Venga Aerospace Systems Inc.

November 14, 2006 13:21 ET

Venga Signs Agreement to Create New 3D Joint Venture: Announces Private Placement

TORONTO, ONTARIO--(CCNMatthews - Nov. 14, 2006) - Venga Aerospace Systems Inc. ("Venga") (TSX VENTURE:VAV)(PINK SHEETS:VNGAF) is pleased to announce that further to its earlier announcements dated, June 22, 2005 and September 15, 2006, it has now entered into a joint venture agreement with 3DP North America, Inc., of Kenner, Louisiana, United Business & Capital Services, LLC of Kenner, Louisiana, EKG, LLC of Lafayette, Louisiana and Armadillo Photo Supply, Inc. ("Armadillo Photo") of Houston, Texas, creating a new joint venture to provide a range of advanced 3D products and print services for both commercial and consumer customers. Pursuant to the terms of the joint venture agreement, Venga will own 30% of the proposed business whose operations will be located in Armadillo Photo's main Houston production facility (www.armadillophoto.com). The new joint venture, which will operate as the 3DP North American Joint Venture, will be purchasing a portion of Venga's existing inventory of cameras and production equipment for $50,000.00 USD and will be paying Venga an annual licencing fee of $50,000.00 USD during the currency of the joint venture.
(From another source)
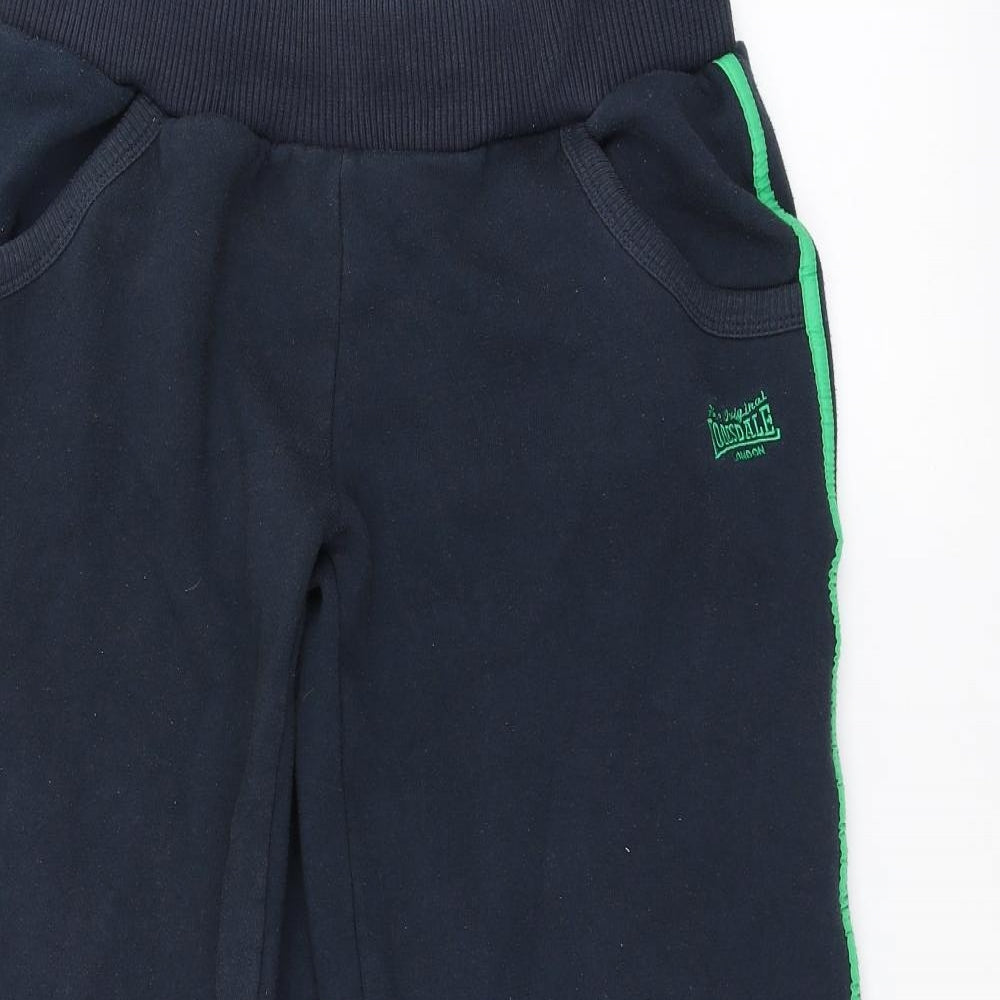 Lonsdale Womens Blue   Sweatpants Trousers Size 12 L25 in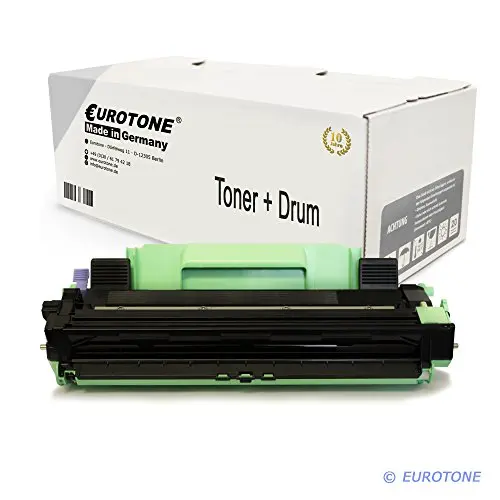 Eurotone Bildtrommel kompatibel für Brother DR-1050 – Schwarz – für Brother DCP-1510, Brother DCP-1510 E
Venga further announces that it has arranged to sell 13,352,400 common shares at a price of $0.05 CDN to raise gross proceeds of $600,000.00 USD. No finder's fee is payable in connection with this private placement. Insiders are not participating in the private placement and no "control persons" (as defined in Policy 4.1 of the TSX Venture Exchange) or new insiders will be created as a result of the private placement. Venga will be using the proceeds of this private placement as the Company's capital contribution to the new joint venture. The closing of the private placement is subject to approval of the TSX Venture Exchange and all shares issued pursuant to the private placement will be subject to a four month hold period following the closing date.

Further to its September 21, 2006 press release, the Company announces that it has paid Global Mineral Investments, LLC. ("GMI") consideration having a value of $45,000.00 USD for the Company's previously announced acquisition of a 3% equity interest in GMI. Venga has the option over the next three years of acquiring up to an additional 15% equity position in GMI at a cost of $30,000.00 USD for each percentage of equity acquired.

This press release contains forward-looking statements within the meaning of the "safe harbor" provisions of the Private Securities Litigation Reform Act of 1995. These forward-looking statements are subject to certain risks and uncertainties that may cause the Company's results to differ materially from expectations and speak only as of the date hereof.

SHARES ISSUED: 201,184,633

The TSX Venture Exchange does not accept responsibility for the adequacy or accuracy of this release.